Les États-Unis et l’Iran ont annoncé un cessez-le-feu de deux semaines, juste avant l’expiration de l’ultimatum de Donald Trump, marquant un tournant crucial dans les relations tendues entre les deux nations. Le détroit d’Ormuz, essentiel pour le passage du pétrole, sera rouvert par Téhéran en échange d'une trêve acceptée par Washington.
Le secrétaire général de l’ONU salue le cessez-le-feu temporaire
Antonio Guterres, le secrétaire général de l’ONU, a exprimé son approbation envers cet accord lors d’une déclaration faite par son porte-parole, Stéphane Dujarric.

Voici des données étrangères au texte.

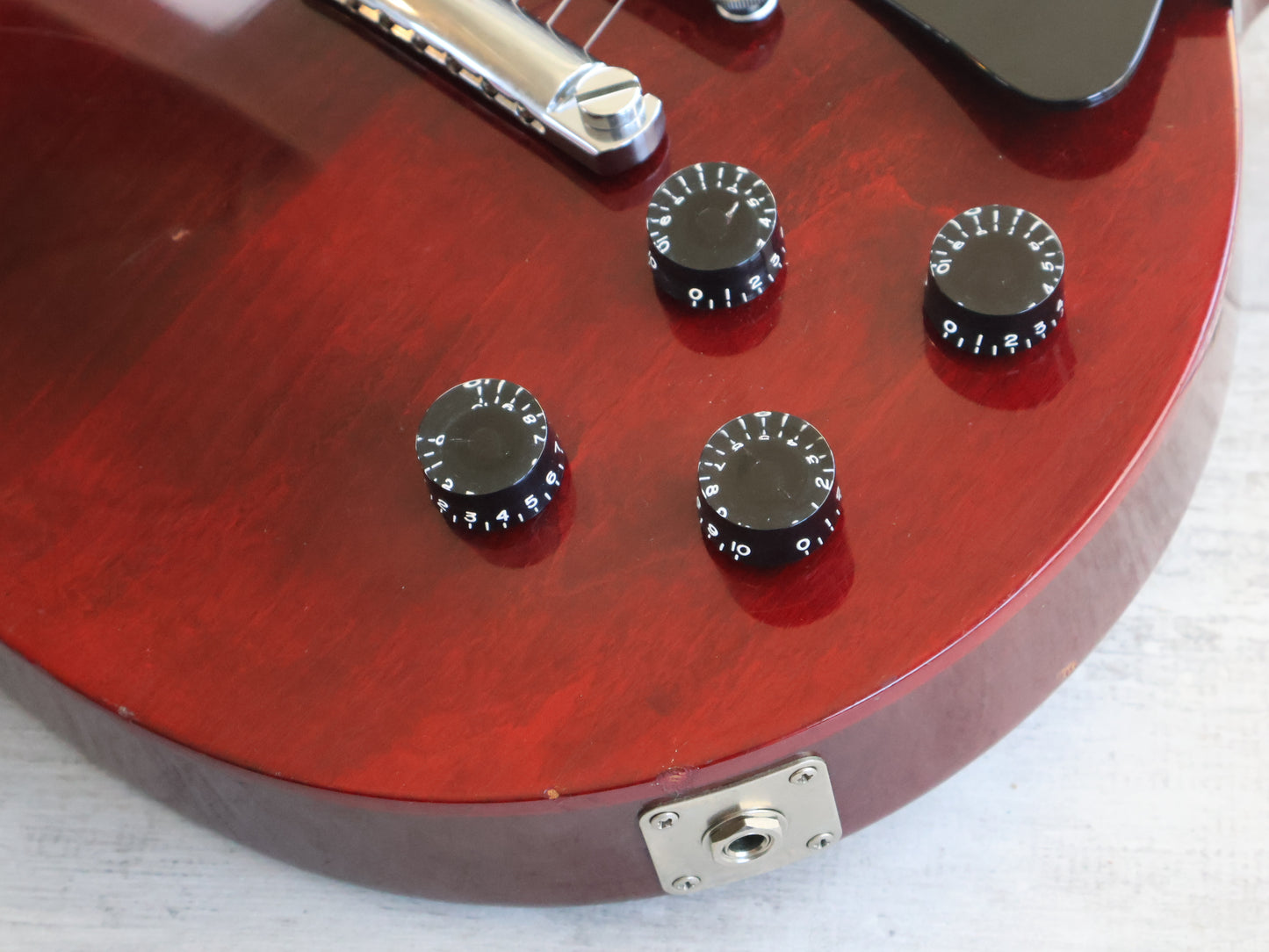 1999 Gibson USA Les Paul Studio (Wine Red)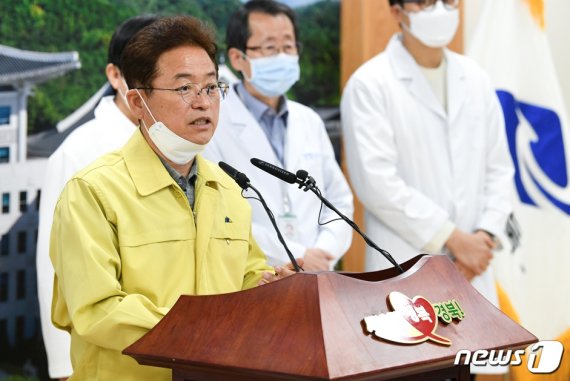 지난 21일 '코로나 19 대남병원 확진자 관련 브리핑을 하고 있는 이철우 경북지사. 이 지사는 '보이지 않는다'는 유시민 이사장 발언에 대해 "(노출을 위해) 방송에 가 있는 것은 정치하는 것이다"며 도민을 위해 현장에서 열심히 뛰고 있다고 반박했다 . (경북도제공) © 뉴스1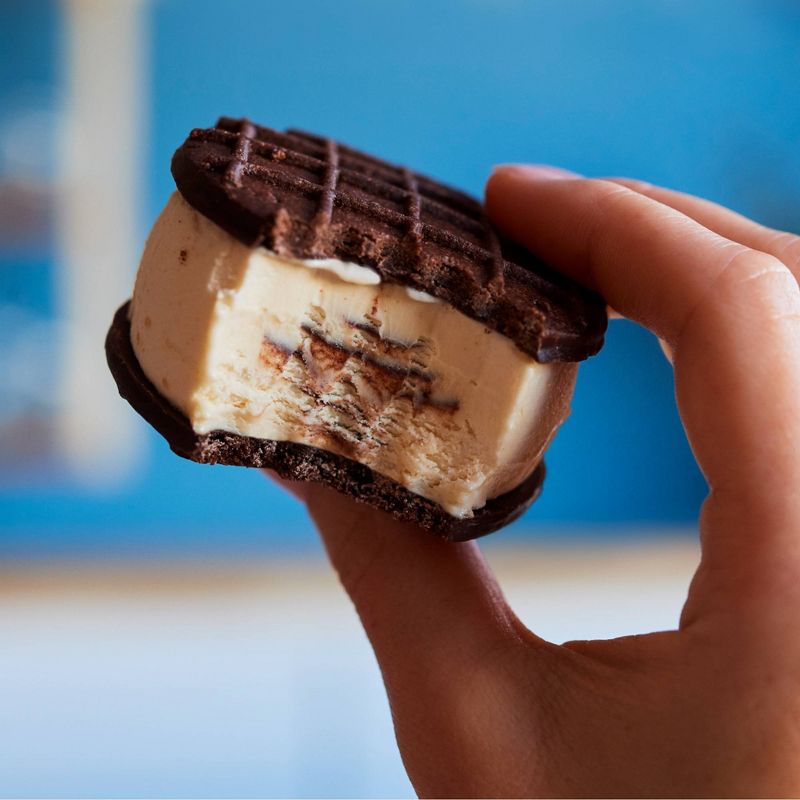 Tillamook Peanut Butter Chocolate Ice Cream Sandwich - 12oz/4ct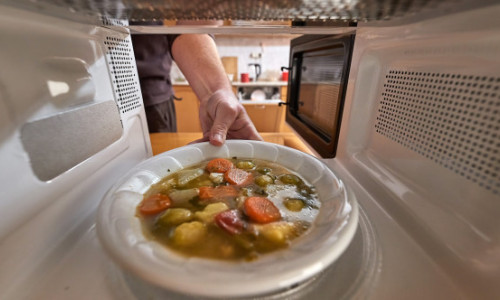 Cea mai ieftină metodă de a găti. Aparatul banal care poate reduce serios factura la energie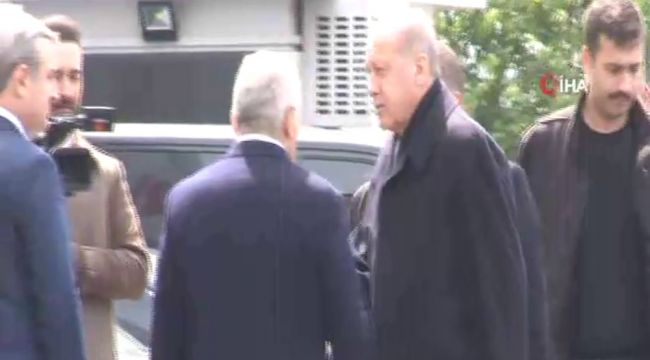 Cumhurbaşkanı Erdoğan AK Parti İstanbul İl Başkanlığı'na geldi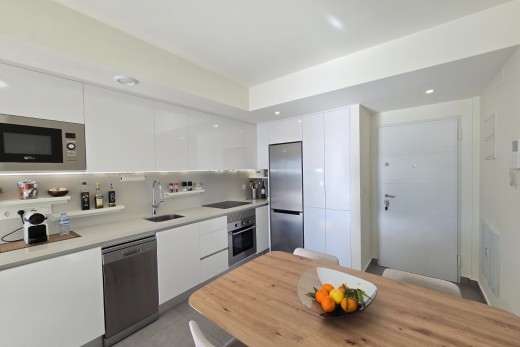 Återförsäljning - Apartment / Flat * - Orihuela Costa - Villamartín *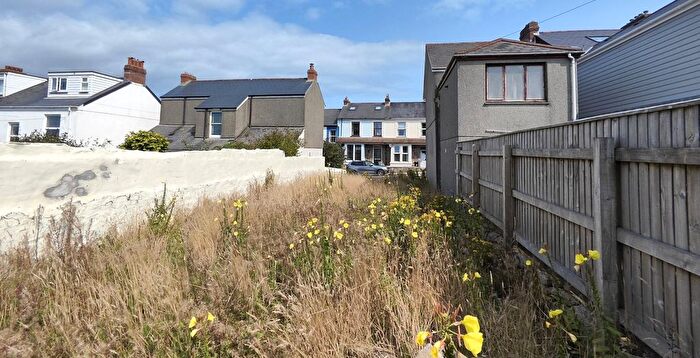 3 Bedroom End Of Terrace House For Sale In Amp; Raymond Road, Redruth, Cornwall, TR15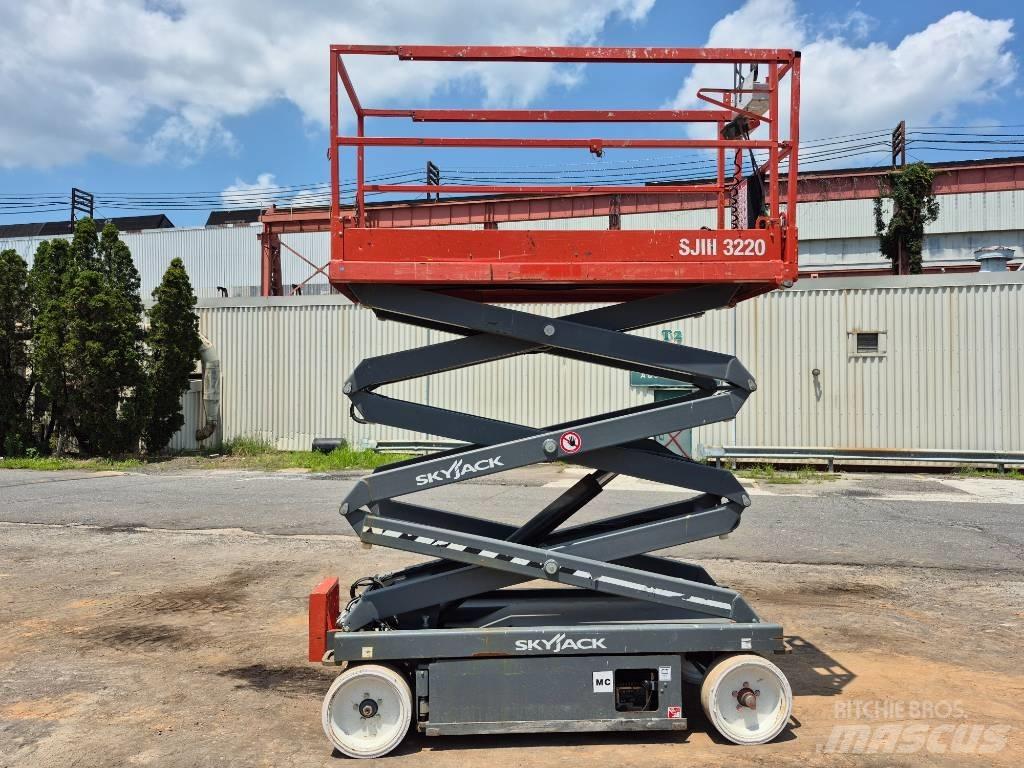 SkyJack SJ 3220 Makazaste platforme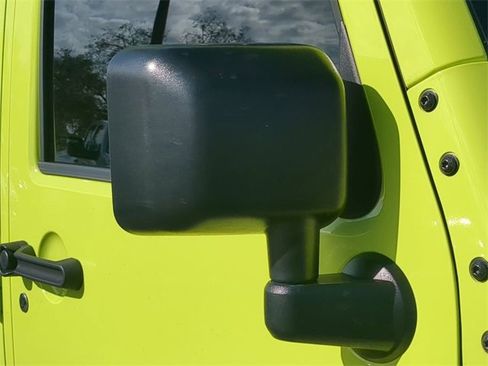 Used 2017 Jeep Wrangler Unlimited Sport w/ Max Tow Package image 12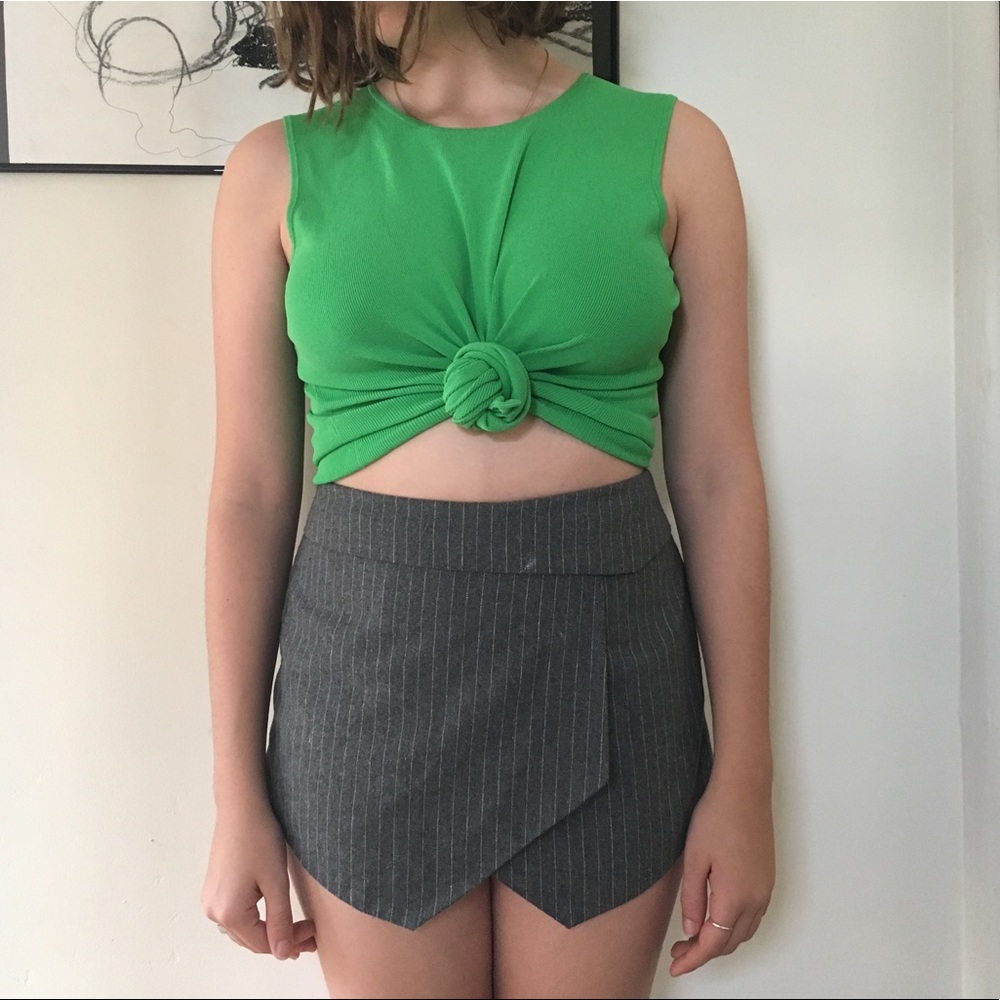 Gray Pinstripe Origami Skirt/Shorts— Size 6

Il a encouragé toutes les parties à s'engager vers une paix durable dans la région : « Ce cessez-le-feu peut ouvrir la voie à une résolution globale des conflits au Moyen-Orient. »
Trump décrit cet accord comme une « victoire totale »
Dans une déclaration à l’AFP, le président Donald Trump a qualifié cet accord de « victoire totale et complète », affirmant qu'il démontre la force des États-Unis sur la scène internationale. Karoline Leavitt, porte-parole de la Maison-Blanche, a également souligné l’importance de cet accord comme un succès de l'administration Trump, qui a facilité les discussions de paix.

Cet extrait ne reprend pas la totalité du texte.